Those who are familiar with Unix commandline tools like grep, sed and cut will know about the enormous power they provide. They make it a breeze to mangle, transform and retrieve information in and from text files. Unfortunately, they're mostly dependant on row and column based information. That is, they expect each line in a file to contain one row and each column to be seperated with a certain character (usually a space or a tab). Take, for instance, some lines from a simple Apache logfile
22.214.171.124 - - [26/Jun/2005:09:57:55 +0200] "GET /st.. 192.168.1.7 - - [26/Jun/2005:10:03:56 +0200] "GET / HTTP.. 126.96.36.199 - - [26/Jun/2005:10:14:27 +0200] "GET /imag.. 192.168.1.7 - - [26/Jun/2005:10:21:36 +0200] "GET / HTTP.. 188.8.131.52 - - [26/Jun/2005:10:23:53 +0200] "GET /ima..
If I wanted to list every unique IP in that logfile, I'd simply issue the following command at the shell:
[todsah@jib]~$ cut -d" " -f1 access.log | sort | uniq 192.168.1.7 184.108.40.206 220.127.116.11 18.104.22.168
'Cut' strips away every column except for the first. 'Sort' sorts list of IP's so that all duplicate will appear under eachother. 'Uniq' then removed all the duplicate IP's, and I'm left with a list of all unique IP's in the log.
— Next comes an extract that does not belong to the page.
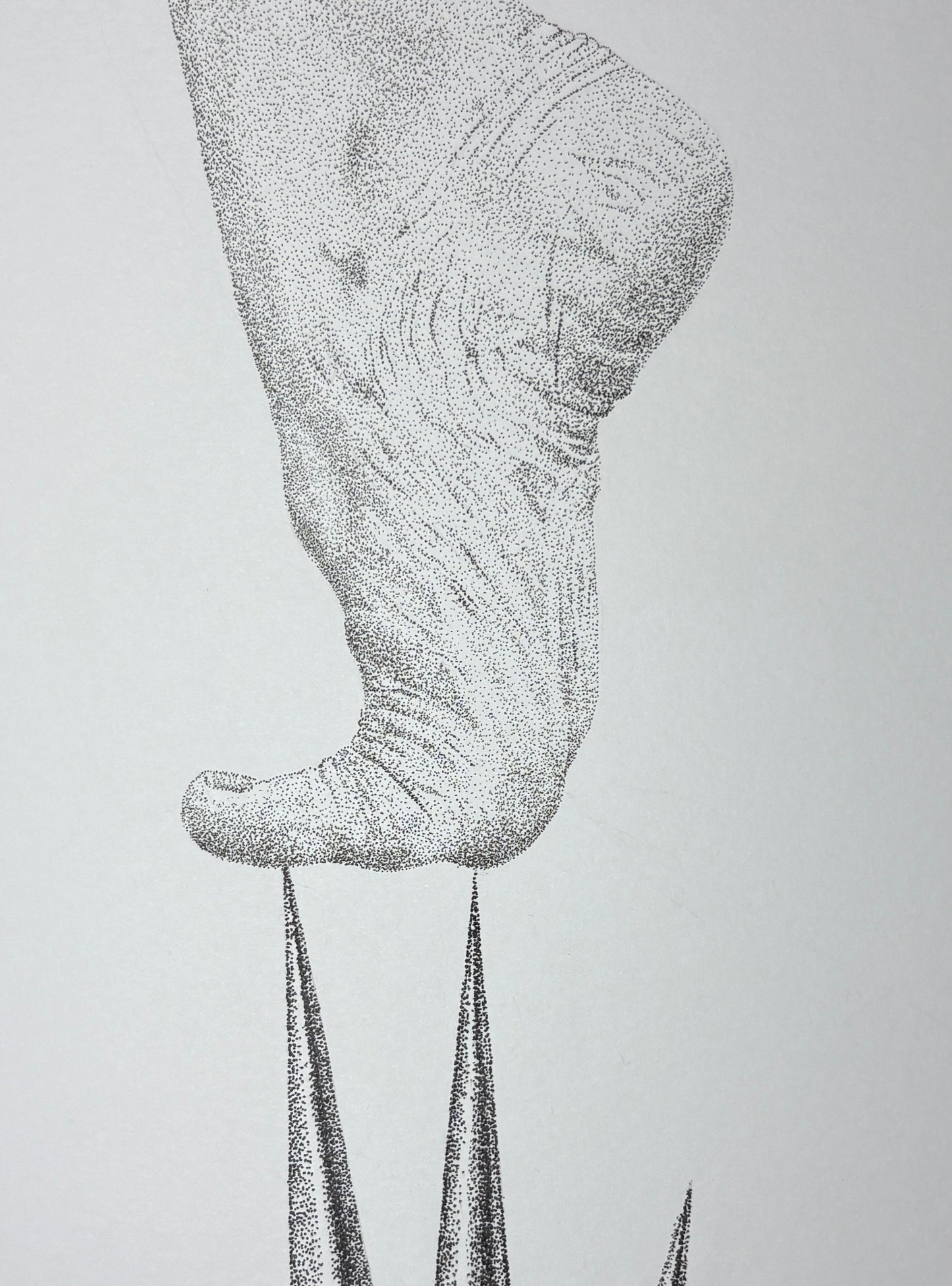 Life #4 - original stippled artwork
Writing this small 'script' took about 15 seconds. Now, that's a pretty strong method for statistical analysis.
Unfortunately, XML took that power completely away. It doesn't work on a row/column basis, it's syntax is loose (for example, you can spread a single element with attributes over multiple lines) and you can nest elements inside of other elements.
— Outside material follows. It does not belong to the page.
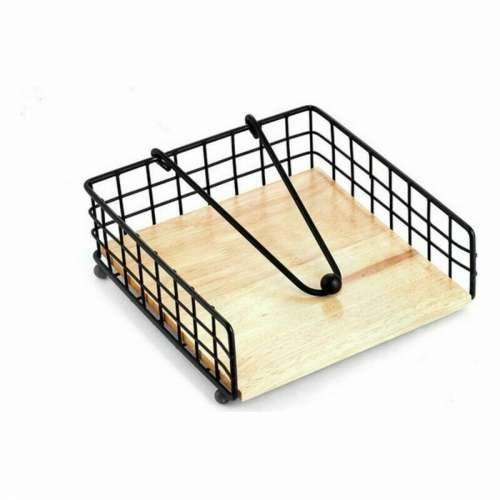 Stalak za salvete Confortime 158733 Crna Metal 19 x 19 x 7 cm (12 kom.) Cijena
There is hope, however. A toolset called XMLStarlet offers a powerful XML commandline tool which can do Xpath selects, transformations and more.
Take the following example XML file:
<?xml version='1.0' encoding='UTF-8'?> <dataq port="50000" daemon="false" verbose="true"> <access> <host>127.0.0.1</host> </access> <access> <username>john</username> <password>johnspw</password> </access> <access> <host>192.168.1.5</host> <username>pete</username> <password>petespw</password> </access> <queue name='backup' /> <queue name='mp3' type='fifo' size='1' overflow='pop' /> <queue name='restricted' type='fifo' size='5' overflow='deny'> <access sense="deny"> <username>john</username> </access> </queue> </dataq>
Suppose I'd want to get all the usernames in this XML file. Using the traditional Unix commandline utilities, I'd have to do this:
[todsah@jib]~$ grep "<username>" dataq.xml | cut -d'>' -f2 | cut -d'<' -f1 john pete john
As you can see, this works. But what if we changed the last queue element to be completely on one line?:
<queue name='restricted' type='fifo' size='5' overflow='deny'><access sense="deny"><username>john</username></access></queue>
It's the exact same, valid, XML and should yield the same results, but it does this instead:
[todsah@jib]~$ grep "<username>" dataq.xml | cut -d'>' -f2 | cut -d'<' -f1 john pete
The problem is that you can't assume anything to be the same from one XML file to the next. It's simply not part of the XML specifications.
Using the XMLStarlet commandline tool, we can work around these problems. For instance, selecting all usernames from the XML file works like this:
[todsah@jib]~$ xmlstarlet sel -t -m "//username" -v 'node()' -n dataq.xml john pete john
This commandline basically says to use Select mode (sel) with a commandline template (-t) to match all <username> tags (-m "//username") and to show the Value (-v) of each match and to append each value with a newline (-n).
XMLStarlet also allows you to completely transform (using XSLT) XML files, translate, validate, format and edit XML files. You can, for instance, use XMLStarlet to delete or insert certain parts of an XML file that match an XPath expression. It can also convert XML to the PYX format, which can then be more easily used with traditional Unix commandline tools.